Anxiety, Family Functioning and Neuroendocrine Biomarkers in Obese Children
Keywords:Anxiety, Biomarkers, Child, Hypothalamo-Hypophyseal System, Pediatric Obesity, Pituitary-Adrenal System, Stress Psychological
Introduction: This observational study explores potential links between obese children’s cortisol, and parental mental state, family functioning, and the children’s symptoms of anxiety and depression.
Material and Methods: A non-random sample of 104 obese children (55 boys), mean age 10.9 years (standard deviation 1.76), was recruited from a childhood obesity clinic. Obesity was defined as body mass index above the 95th age- and gender-specific percentiles. Neuroendocrine biomarkers were measured. Symptoms of anxiety and depression were assessed with self and parent-reported questionnaires (Anxiety, Depression and Stress Scales; Child Behaviour Checklist). Family functioning was assessed with parent-reported questionnaires (Family Adaptation and Cohesion Scales-III).

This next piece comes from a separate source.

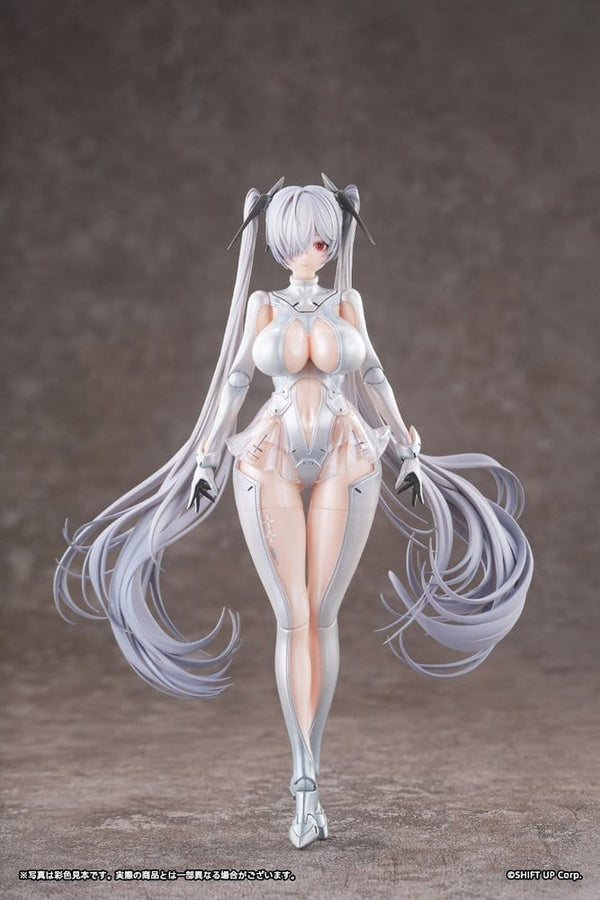 Goddess of Victory: Nikke - Cinderella - Action Figur 1/12 (16 cm)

Results: A significant, negative correlation (rs = -0.779; p = 0.003) between girls’ cortisol and their parents’ anxiety symptoms was found, limited to high functioning families. Boys scored significantly higher than girls on parent-reported internalizing symptoms but not on self-report. No association was found between cortisol in children and parental depressive symptoms.
Discussion: Whether the association between cortisol levels in obese children and parental mental health is effectively restricted to girls from high functioning families or is due to study limitations, requires further research. The lack of associations between cortisol in children and parental depressive symptoms, suggests a specific association between cortisol and parental anxiety symptoms.
Conclusion: These results highlight the importance of taking into account family functioning, parental mental state and gender, when investigating neuroendocrine biomarkers in obese children associated with symptoms of anxiety and depression.